2015-Apr-13 18:25 UTC

head link

[LLVMdev] [WinEH] Cloning blocks that reference non-cloned PHI nodes

Comments below…

From: Reid Kleckner [mailto:rnk at google.com]
Sent: Friday, April 10, 2015 5:01 PM
To: Kaylor, Andrew
Cc: David Majnemer <david.majnemer at gmail.com> (david.majnemer at
gmail.com); LLVM Developers Mailing List
Subject: Re: [WinEH] Cloning blocks that reference non-cloned PHI nodes

Yeah, wrapping up the whole selector comparison into one intrinsic would help.
Thanks for the idea. :)

The current strategy also seems pretty fragile around complex cleanups. If the
cleanup isn't some simple destructor call with easily traceable
unconditional branch control flow, we get lost and can't find our way to the
next selector comparison. Having an explicit 'resume' or some other
intrinsic at the end of the cleanup would be pretty helpful here.

---

We also talked a lot about making WinEHPrepare try to less work all at once, and
split it into phases. This is separable from the landingswitch proposal, which
is more about making it easier to identify handler start points. Here's a
sketch of the phases we came up with:

Step 1: Identify selector dispatch conditional branches. Identify all cleanup
actions, and split basic blocks to make them start and end on a basic block
boundary. Build a list of all basic blocks that start a handler.

[Andy Kaylor] This sounds an awful lot like what we’re doing now except for the
block splitting part.  I guess that you are talking about doing this for all
landing pads before we go any further, right?  I agree that the current code to
identify cleanup blocks is too fragile.  We can probably fix it though. 
Intrinsics to mark the start and/or end of cleanup code would help immensely.
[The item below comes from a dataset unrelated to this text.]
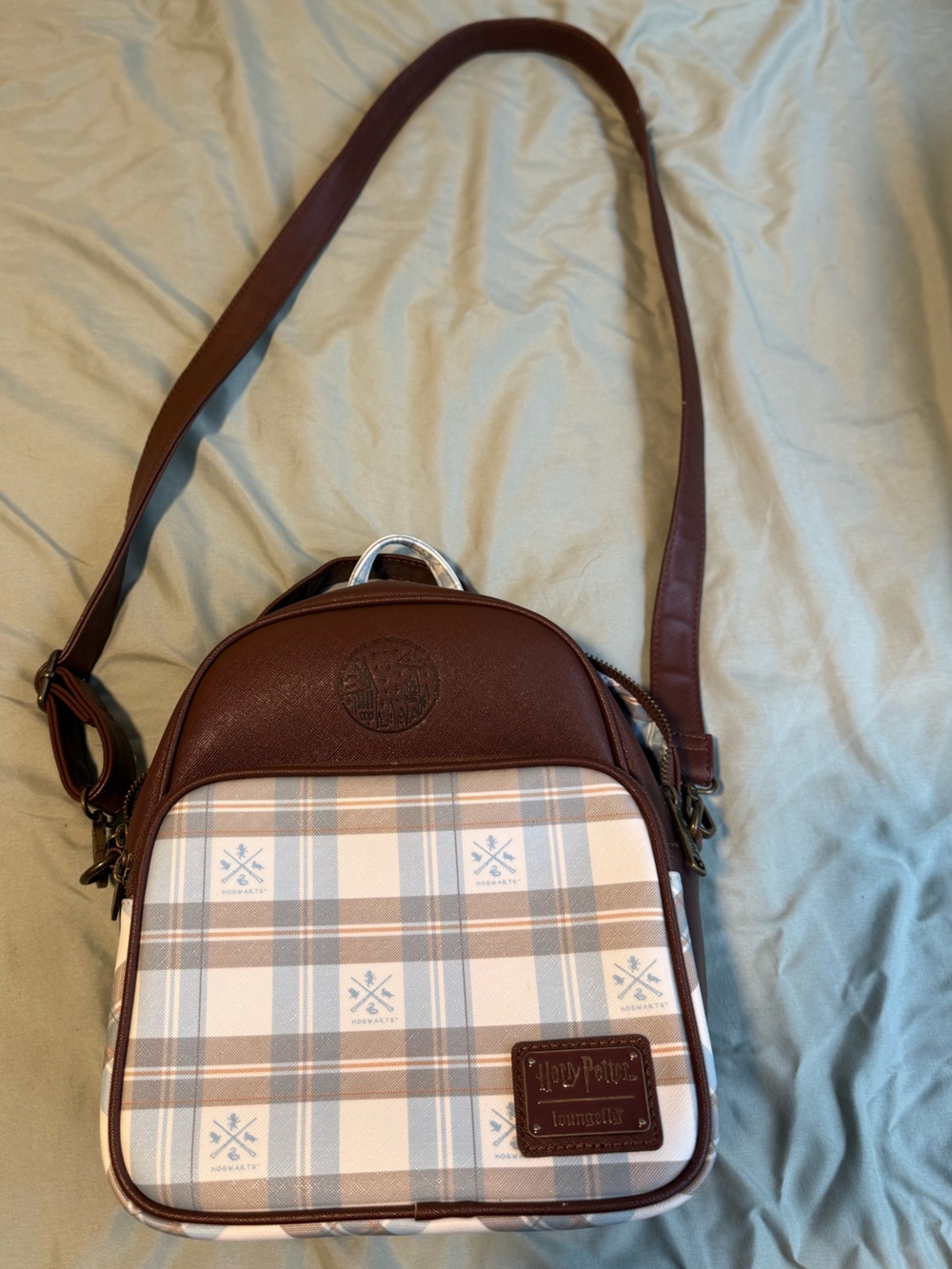 Loungefly Brown and Light Blue Plaid Crossbody convertible backpack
Step 2: Do a forwards-backwards dataflow analysis to mark basic blocks as
reachable and unreachable from each handler start block. The forwards part is an
easy DFS, the backwards part is basically about pruning unreachable blocks like
'ret' from a handler. We can probably skip the backwards part initially.

[Andy Kaylor] I have some concerns about this part.   When blocks have been
merged so that handlers are sharing blocks with non-exception code things are
going to get fairly messy.  The existing cloning code takes care of this (in
theory at least) by scrubbing things after resolving PHIs based on which blocks
didn’t get cloned.  I suppose this is a potential fault line if the code we
didn’t want loops back into the shared block.  I’m guessing that this is the
sort of problem you’re thinking of that has you wanting to change things.  Do
you have a test case that exposes the problem?  More importantly, do you have a
solution in mind?

With catch handlers we have clear markers for the beginning and end of the catch
(possibly including multiple end calls).  Having similar markers for cleanup
would help a lot.  I still think there’s potential for getting lost.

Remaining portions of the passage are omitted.